Efforts to target glucose metabolism in cancer have been limited by the poor potency and specificity of existing anti-glycolytic agents and a poor understanding of the glucose dependence of cancer subtypes in vivo. Here, we present an extensively characterized series of potent, orally bioavailable inhibitors of the class I glucose transporters (GLUTs). The representative compound KL-11743 specifically blocks glucose metabolism, triggering an acute collapse in NADH pools and a striking accumulation of aspartate, indicating a dramatic shift toward oxidative phosphorylation in the mitochondria.

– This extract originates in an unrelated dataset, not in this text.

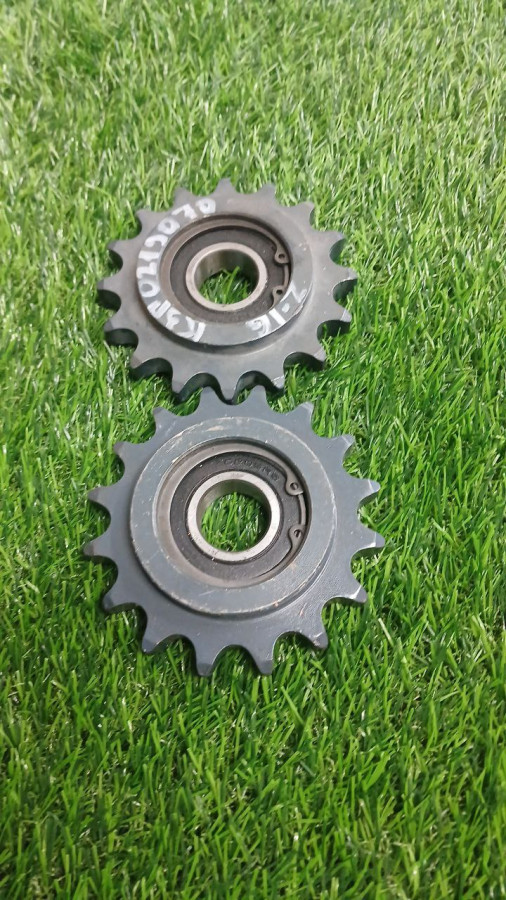 Звездочка КЗР 0219070 редуктора бункера (без оси)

Disrupting mitochondrial metabolism via chemical inhibition of electron transport, deletion of the malate-aspartate shuttle component GOT1, or endogenous mutations in tricarboxylic acid cycle enzymes, causes synthetic lethality with KL-11743. Patient-derived xenograft models of succinate dehydrogenase A (SDHA)-deficient cancers are specifically sensitive to KL-11743, providing direct evidence that TCA cycle-mutant tumors are vulnerable to GLUT inhibitors in vivo.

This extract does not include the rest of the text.